Islamic banking could be the more economically viable and sustainable model of financing going forward, Falak Consulting’s Research Department (FCRD) said in a report according to the Saudi Gazette 
The report looks at the financial crisis of 2009 where conventional banks witnessed far greater levels of exposure in comparison to their Islamic banking counterparts and recognizes the overall potential Islamic banking and finance is able to offer the existing market.
With discussions at this year’s WIBC event highlighting similar themes including looking at “Business in the Middle East and the Role of Islamic Finance”, or “New Strategic Approaches to Revitalize Global Growth”, the potential for Islamic banking is certainly there. The FCRD  report highlights recent statistics which indicate that Islamic banking is currently the fastest growing segment in the international financial system with an estimated asset size of US$1.1 trillion in 2011, representing 80.9 percent of Islamic Finance assets and 1 percent of total banking assets worldwide. Building on the same, the report goes on to establish a risk and return framework for “a healthy and transparent growth of the Islamic financial architecture” in the region.
Commenting in light of the WIBC event and the published FCRD report, Suhail Ghazi Algosaibi, Co-Founder and Chairman of Falak Consulting, said: “The 2009 financial crisis  has taught us a number of things, the first being that conventional banks and current models are not invincible. It has also opened our eyes to the need to consider other options of banking that are safer, sustainable and viable, which at this point Islamic banking could potentially offer. As a result, we are now witnessing a growing number of global conventional banks exploring this potential as well as increased discussions around the future and way forward for Islamic Finance and Banking, as seen last week at the 20th WIBC event in Bahrain.”

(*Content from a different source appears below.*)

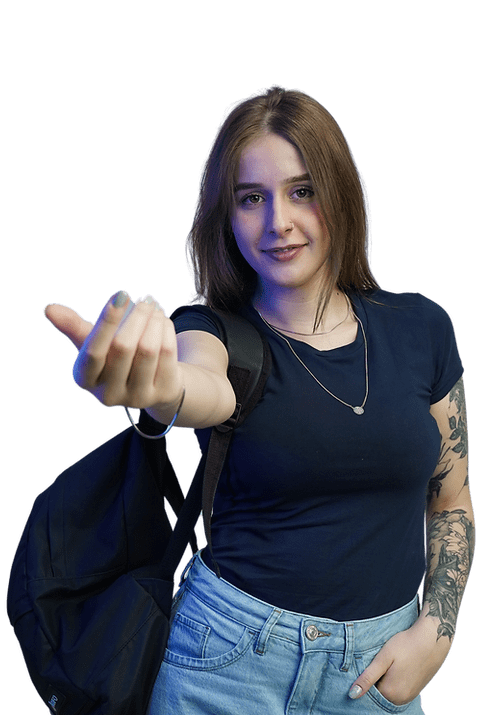 Mulher usando uma mochila chamando para a aula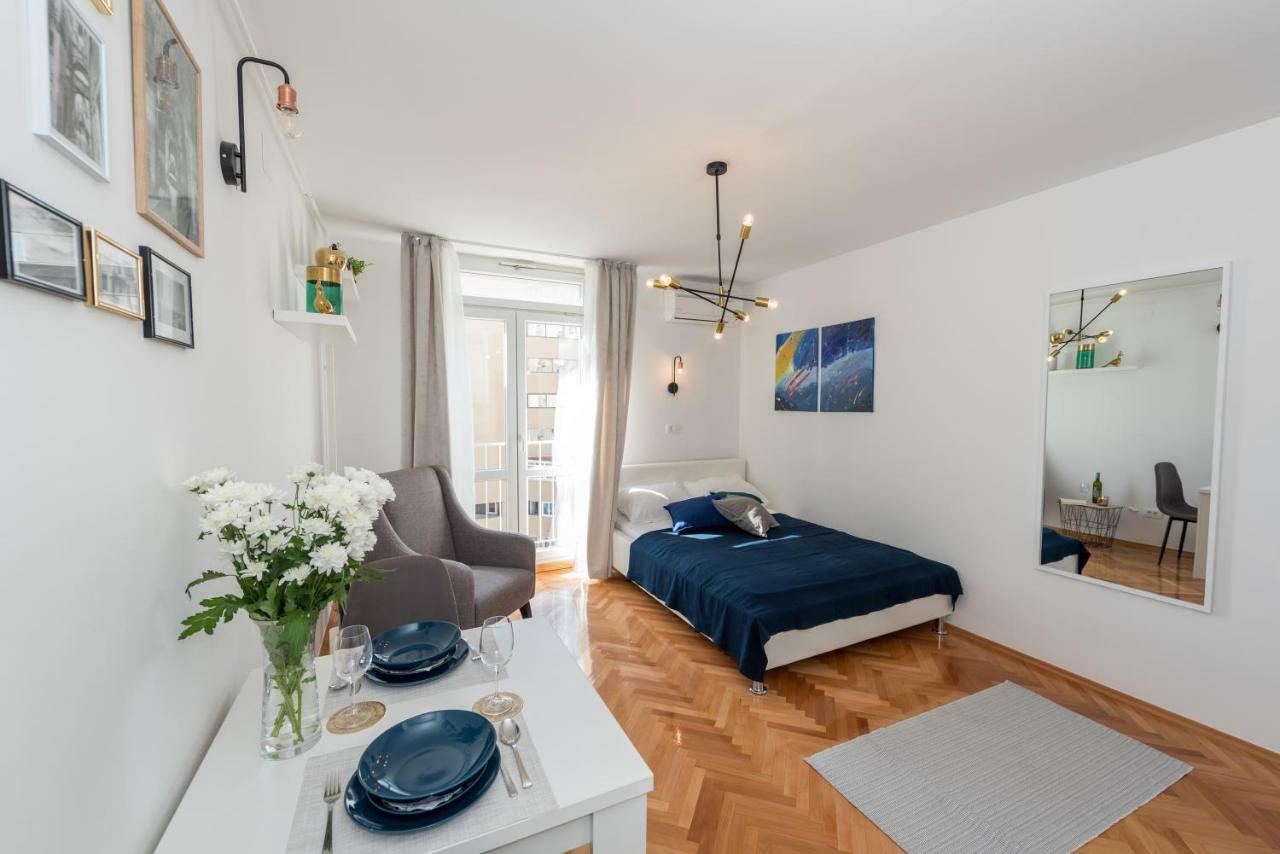 Apartment Var Split Luaran gambar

At present there are a number of global retail banks introducing Islamic banking options including Lloyd’s Bank, HSBC, Standard Chartered and the Islamic Bank of Britain. In Bahrain alone, there are over 26 Islamic banks currently in operation making up a total of $26.2 billion in assets, as of August 2013, according to the Central Bank of Bahrain .
At present, Islamic banking has become the fastest growing segment in the international financial system. Since its inception, Islamic banking has been the main driving force of the global Islamic finance industry, with an estimated asset size of $1.1 trillion in 2011 representing 80.9 percent of Islamic finance assets worldwide and 1 percent of the total banking assets worldwide. Growth is mainly being driven by a fast increasing Muslim youth population, the fast growing halal food industry, lower penetration of Islamic finance products in Muslim dominated nations and government support for new products.
The GCC Islamic banking sector has experienced remarkable growth in the business/ financing activities and significant demand for Shariah-compliant products and services.
The growth of the Islamic banking industry in the region was mainly driven by Saudi Arabia and Qatar. Islamic banks in these two countries are generally well capitalized and profitable with high capital adequacy and low NPF ratios. As of September 2012, Islamic banking assets in the GCC and Iran rose by 16.5 percent y-o-y. Growth was led by Qatar (+25.9 percent), followed by Saudi Arabia (+22.0 percent), the UAE (+16.9 percent), Kuwait (+7.8 percent) and Bahrain (+5.5 percent).